Tutto ha una data di scadenza, non solo i prodotti alimentari: dalla lavatrice alla stampante, dallo spazzolino elettrico al frigorifero passando per tv, cellulari e via dicendo. Solo che se sulla confezione di merendine va scritta per legge ed è a tutela del consumatore, per gli altri beni di consumo, almeno secondo alcuni, si tratta di uno stratagemma utile solo a chi li produce. Si parla, in termine tecnico, di “obsolescenza programmata”. Come spiega l’economista e filosofo francese Serge Latouche, “fin dall’inizio il prodotto è concepito dal produttore per avere una durata limitata”.
E, se da un lato, la pistola fumante non è mai (o quasi) stata trovata, dall’altro, ognuno di noi ha probabilmente avuto oggetti che trascorso il biennio di garanzia hanno vissuto una sorta di crisi del terzo anno, magari proprio in prossimità dell’uscita di nuovi modelli.
Qualche sospetto può sorgere….
Viviamo in una società della crescita – teorizza Latouche – la cui logica non è crescere per soddisfare i propri bisogni. Ma crescere per crescere. All’infinito”.
Nella società del consumo gli oggetti non si aggiustano. È ormai più conveniente comprarli nuovi. Per farsi un’idea, sembra che un’auto assemblata con pezzi di ricambio possa costare 20 volte in più. Decisamente sconveniente portarla spesso da meccanico o carrozziere.

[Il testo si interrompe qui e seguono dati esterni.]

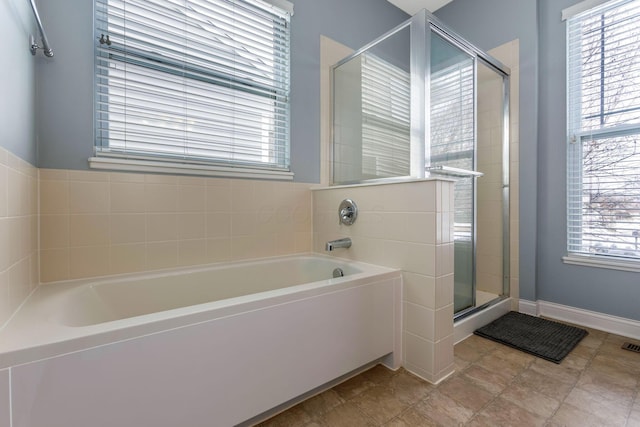 full bathroom featuring a garden tub, a shower stall, and baseboards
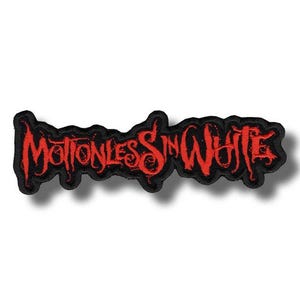 May include: A black embroidered patch featuring the words "Motionless In White" in red, gothic-style lettering. The patch has a black border and is designed to be sewn or ironed onto fabric items such as jackets or bags.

Fatti per rompersi, ma per quale motivo? Nel 1929 (l’anno della grande crisi) Brendon London, negli Stati Uniti, arrivò a proporre di rendere obbligatoria per legge l’obsolescenza per sostenere la ripresa economica. “Siccome in questo tipo di economia la produzione deve continuare a crescere – spiega Maurizio Pallante fondatore del Movimento per la Decrescita Felice – bisogna fare in maniera che le persone sostituiscano sempre più in fretta le cose che hanno. Inevitabilmente quindi, i prodotti sono fatti per durare di meno e sono costruiti in modo da essere difficilmente riparabili. Inoltre, sempre più spesso, questi beni sono realizzati anche per rendere più difficile, al termine della loro vita, la separazione dei materiali di cui sono composti. Altrimenti, diventerebbe semplice recuperare i materiali per produrre nuovi oggetti”.
L’usa e getta compulsivo ha quindi un impatto notevole anche in termini ambientali: più rifiuti, in particolare di apparecchiature elettriche, il cui smaltimento è più costoso per la collettività.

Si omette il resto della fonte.